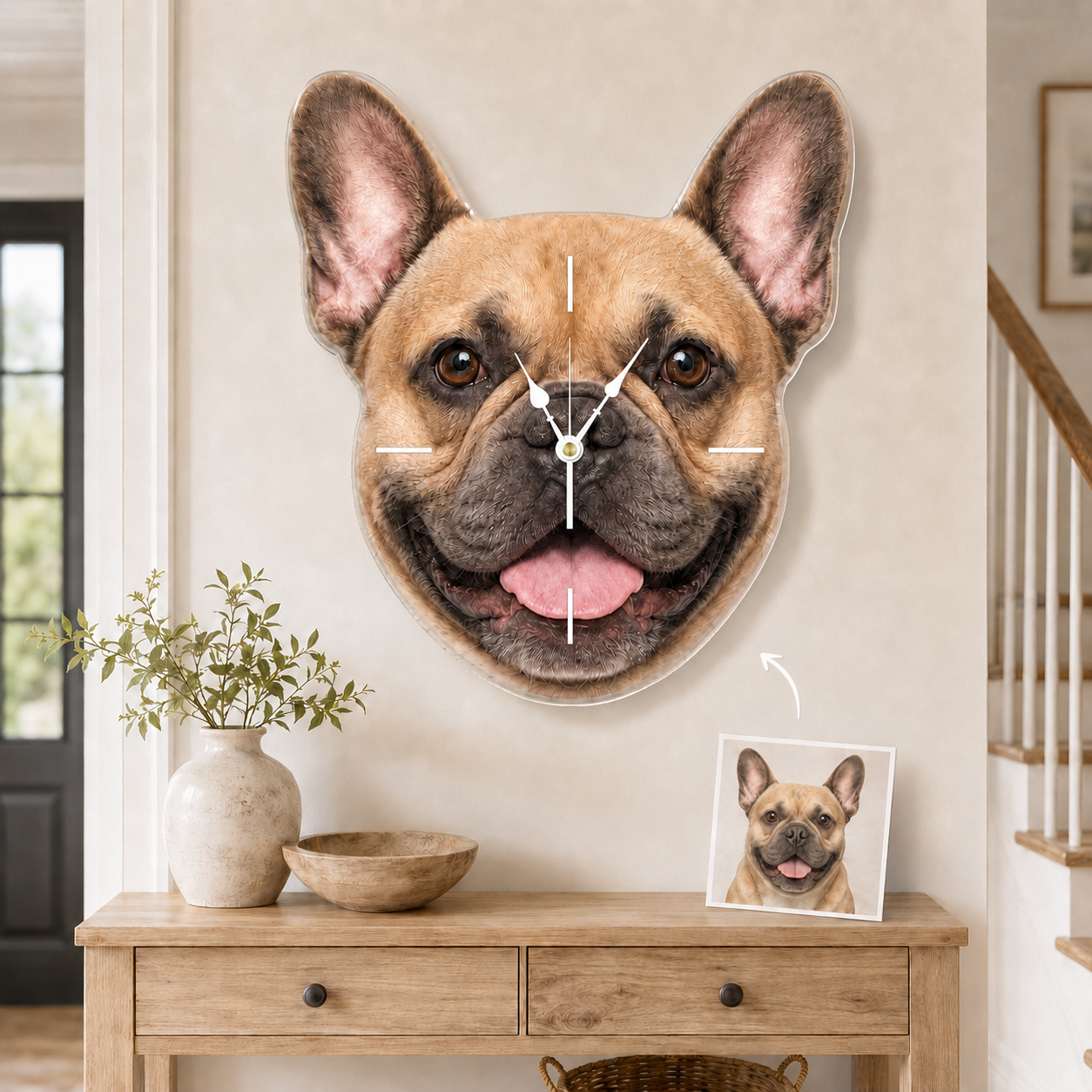 Custom Pet Photo Acrylic Wall Clock – Face-Shaped Design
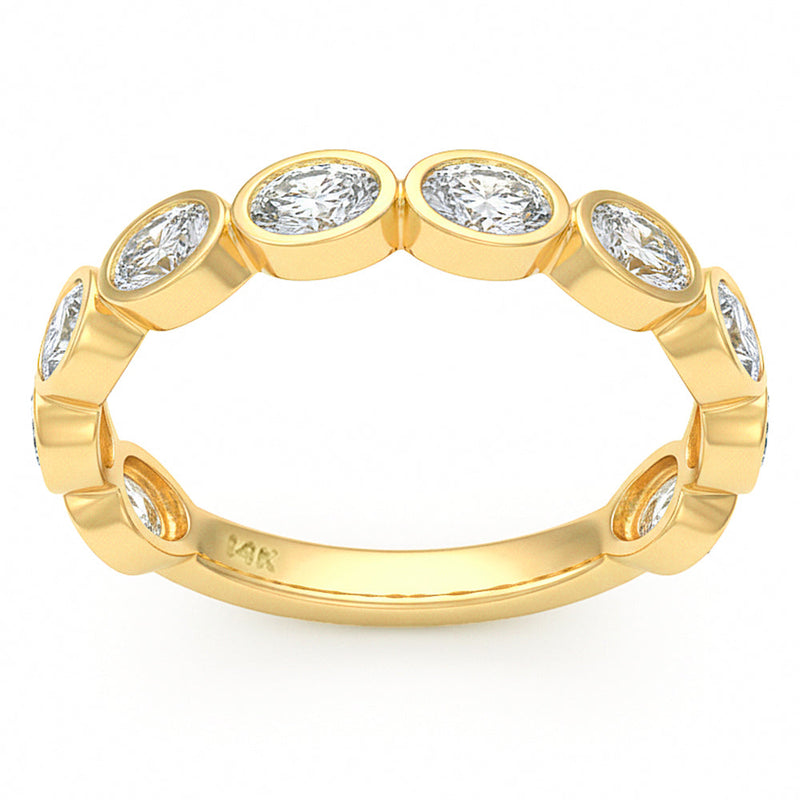 SPECIAL! 1.01ct G SI 14kt Yellow Gold Diamond Bezel Set Band Ring Size 6.5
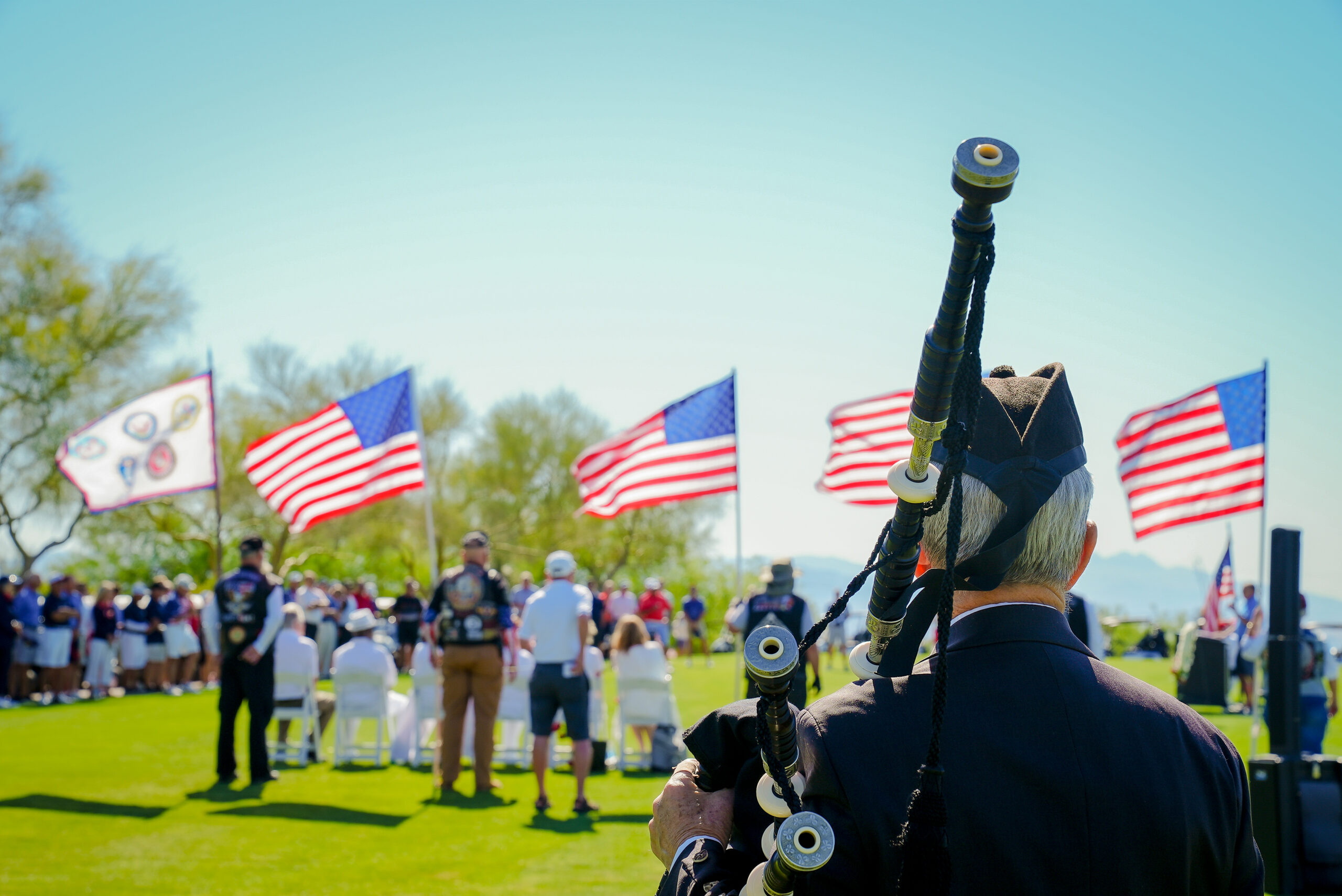 The Opening Ceremony is a tradition at Tee It Up for the Troops events that pays tribute to American heroes who have, and continue to, put their lives at risk on the frontline.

— Task requirements —
Make an exact copy of the data, leaving its pictures out.

— Written solution —
 Custom Pet Photo Acrylic Wall Clock – Face-Shaped Design
 SPECIAL! 1.01ct G SI 14kt Yellow Gold Diamond Bezel Set Band Ring Size 6.5
 The Opening Ceremony is a tradition at Tee It Up for the Troops events that pays tribute to American heroes who have, and continue to, put their lives at risk on the frontline.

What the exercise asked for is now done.